Dramaturgy: aka MY FAVOURITE THING. I love working with other people’s texts, I really do. I love getting to know people and finding out what story they’re wanting to tell and what their voice sounds like, and whether they need to be gently coaxed or gently terrorised. This year brought opportunities to work with first-time writers, established writers, writers exploring new disciplines, and writers who have, as all playwrights should, been dead for three hundred years (closer to 400, but I’d rather quote accurately than count accurately). I was going to get specific and mention each of these projects by name, but they’ve been numerous and my relationship to time is terrible, so I’m worried that I’ll have mentally assigned some of them to the wrong year and will forget things and upset people. Suffice it to say that if I’ve dramaturged your work this year I had an amazing time doing so and I want to geek out over the broad sweep and minute word choices of your scripts again soon.

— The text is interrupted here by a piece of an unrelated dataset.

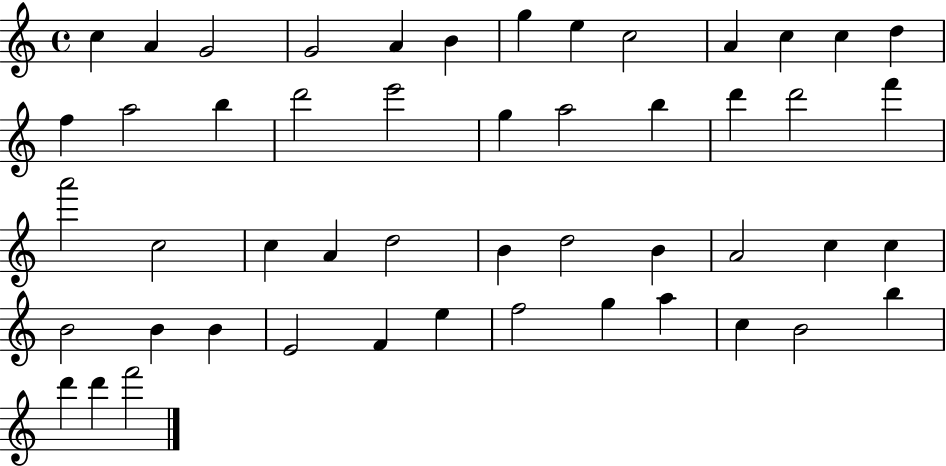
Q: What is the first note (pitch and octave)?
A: C5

I’m heading into 2020 with a number of projects that really excite me lined up – the main tranche of rehearsals for Cavalleria Rusticana, the R&D week and Manipulate sharing of Canto X (the Dante-inspired thanatheatrical piece on which Flavia and I are collaborating), and the thing I can’t talk about yet. And the other thing I can’t talk about yet. And the other things that are waiting on funding decisions. 2020 looks promising – so if the world completely goes to Hell then I apologise for doing the life equivalent of planning a barbecue on a sunny day.